Più in particolare, tra gli esempi di riconosciuta violazione del dovere di lealtà e probità processuale si possono menzionare:

  • la fissazione dell'udienza di comparizione a distanza di anni;
  • la falsa indicazione della propria residenza allo scopo di impedire all'avversario di eccepire l'incompetenza per territorio;
  • lo spostamento della residenza del consumatore compiuto al fine di sottrarsi al radicamento della lite in una controversia riguardante contratti tra un consumatore e un professionista;
  • falsa affermazione da parte del conduttore nel giudizio di sfratto per morosità che il ritardo nel pagamento del canone è imputabile al locatore;
  • ipotesi di rifiuto di rispondere alle sollecitazioni di chiarimenti rivolte dal giudice;
  • in presenza di una contestazione generica, da parte del convenuto nel rito del lavoro, dei fatti affermati dall'attore, che disattenda così l'obbligo, sancito dall'art. 416 c.p.c., di prendere posizione in modo preciso in ordine alla domanda proposta dall'avversario; qualora si sia reso impossibile l'esecuzione di un provvedimento istruttorio che la controparte ha chiesto formalmente e al quale quest'ultima abbia diritto, con la precisazione che, nel caso in cui la controparte abbia proposto istanza di esibizione documentale, il dovere di lealtà processuale determina la protrazione dell'obbligo di conservazione dei documenti anche oltre la scadenza del decennio previsto dall'art. 2220 c.c. e fino a quando il giudice non abbia provveduto negativamente su detta istanza.

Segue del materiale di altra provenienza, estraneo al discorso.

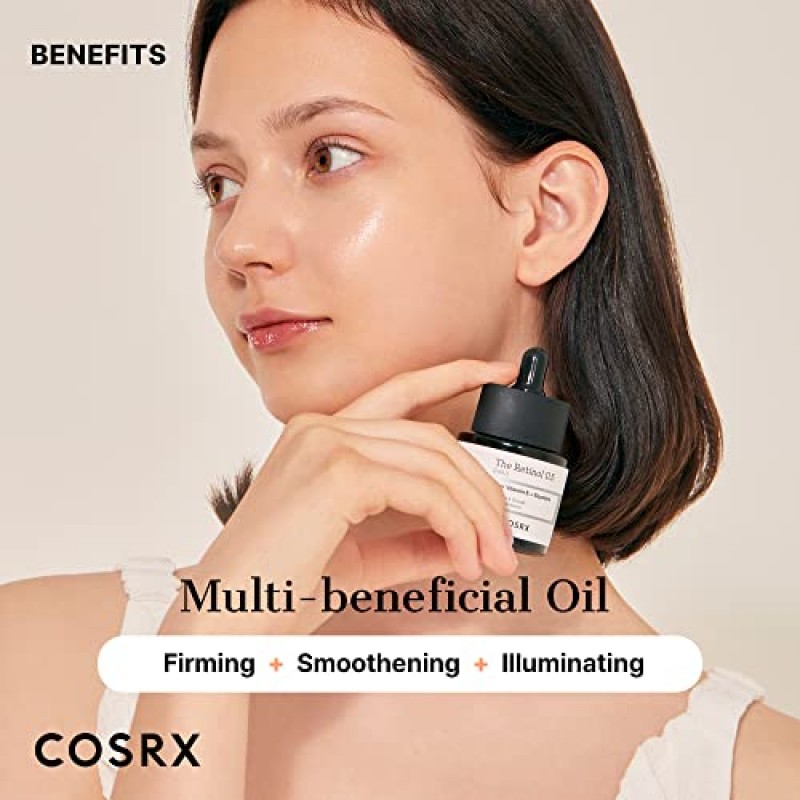 COSRX 레티놀 0.5 오일, 얼굴용 0.5% 레티노이드 트리트먼트가 함유된 안티에이징 세럼, 주름, 잔주름 및 노화 징후 감소, 낮과 밤을 위한 순한 스킨케어, 동물 실험을 거치지 않음, 한국 스킨케어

Ulteriori esempi sono poi rappresentati

  • dall'agire in giudizio per chiedere l'adempimento frazionato, contestuale o sequenziale, di un credito unitario;
  • dall'omessa comunicazione in giudizio del rifiuto di ricevere il pagamento proposto prima di dare inizio all'esecuzione, adducendo a giustificazione la mancanza del potere di riscuotere in capo al difensore.

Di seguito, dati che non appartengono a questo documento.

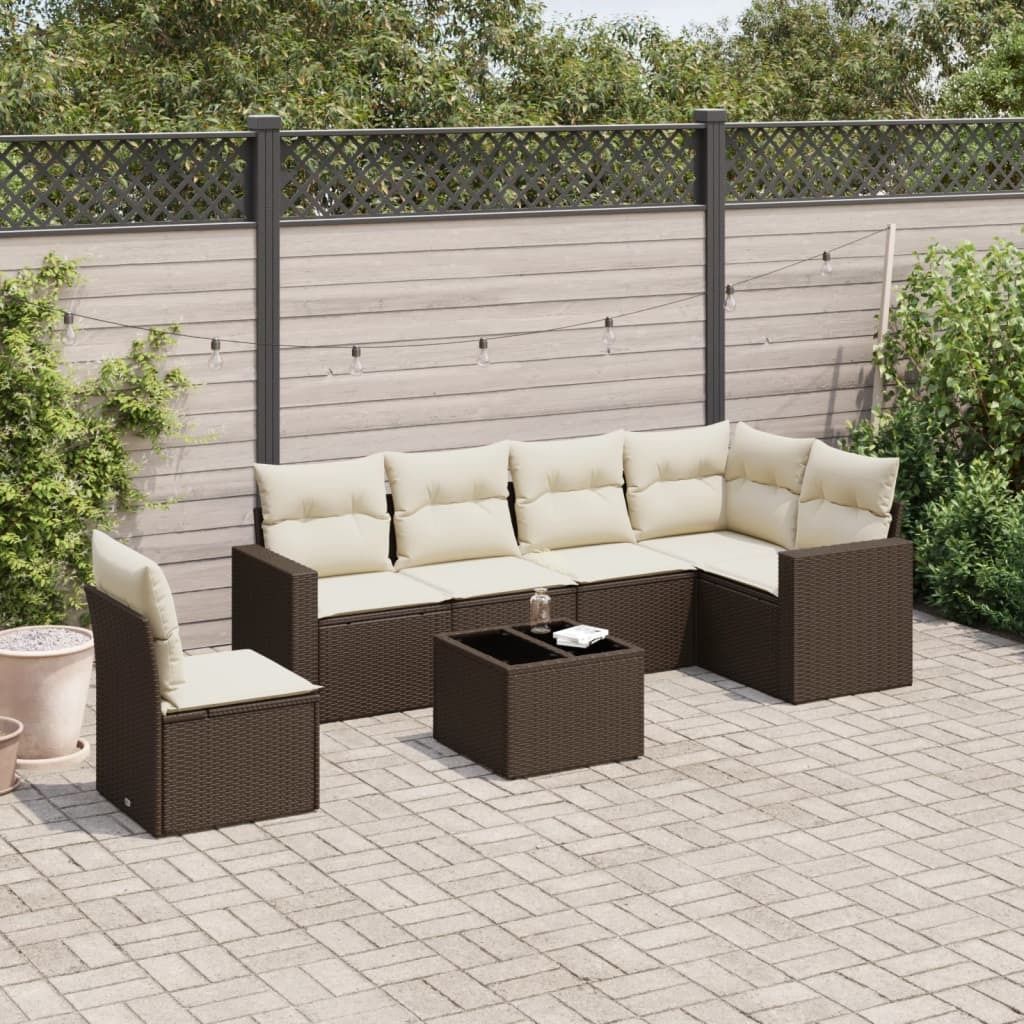 "Rabatt" 7-tlg. Garten-Sofagarnitur - mit sofa - mit Kissen Braun Poly Rattan - Lounge-Dining set CC9711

Celeberrimo infine è il caso di proposizione di regolamento di giurisdizione manifestamente infondato e inammissibile, non notificato intenzionalmente ad alcuno dei litisconsorti, sì da poter riproporre l'istanza, congelando per anni il giudizio di merito (Cass., S.U., 3 novembre 1986, n. 6420, e contestuale ordinanza n. 628, in Foro it., 1987, I, 58, con nota di C.M. Barone, F. Cipriani, A. Pizzorusso, A. Proto Pisani): una attività che lo stesso difensore si è fatto vanto di avere utilizzato strumentalmente e che è stata giudicata con grande severità, essendo palesemente diretta a lucrare i vantaggi della sospensione del giudizio, in violazione dei doveri di lealtà e correttezza (ciò che ha poi indotto il legislatore a modificare l'art. 367 c.p.c.).

Etica e diritto, potrebbe essere la conclusione, per concorrere a costruire e realizzare il processo giusto.